Recent John Locke Foundation speaker Charles Cooke shares with National Review Online readers his thoughts about the latest developments in political correctness on college campuses.

That so-called liberal students are the problem here should come as no great surprise. And yet, for all the unconfined joy that conservatives will take from such clear and unadulterated admissions of this fact, the important part of [professor Edward] Schlosser’s essay in fact lies in the first clause of its headline, not the second. We already knew that our present discontent is the fault of the lunatic Left and its many young acolytes. What we did not know, however, is that their nominal allies within the academic and journalistic establishments would have such an early breaking point. If you want to take something crucial away from this story, notice who is doing the mourning: “I’m a liberal professor . . . ”

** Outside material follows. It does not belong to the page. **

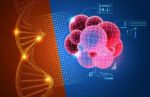 NEC uses NANOSENSORS Membrane Surface Stress Sensors (MSS) NEC uses NANOSENSORS Membrane Surface Stress Sensors (MSS)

… I am not at all convinced that this is a sign that the “most recent wave of political correctness is cresting.” Rather, I suspect that it is merely in the process of mutating into a form in which it is less obviously damaging to progressive interests. That “backlash” that David notes? It’s not really a backlash at all. It’s a rearguard action. And that “concern” that we are supposedly hearing from Jezebel and The Nation? It is not the product of intellectual honesty or of a more general desire to institute academic liberty on campus; it’s a self-serving attempt to fight back against those revolutionaries who are eating their own. Here, Fredrik DeBoer’s horrified observation that “many good, impressionable young people run screaming from left-wing politics because they are excoriated the first second they step mildly out of line” is instructive. Of course Jonathan Chait is turning against political correctness and campus self-indulgence. Of course Vox’s editor, Ezra Klein, is now peddling lefty academics who are willing to stand up to the mob. Of course the good denizens of Jezebel are beginning to wonder aloud whether a feminism that eats the likes of Laura Kipnis is useful. If neo-McCarthyism “becomes a salient part of liberal politics,” Schlosser writes in his conclusion, then “liberals are going to suffer tremendous electoral defeat.” The American Left has started to rebel at the exact moment that its own interests are being hurt? Naturally. This isn’t about standards; it’s about power.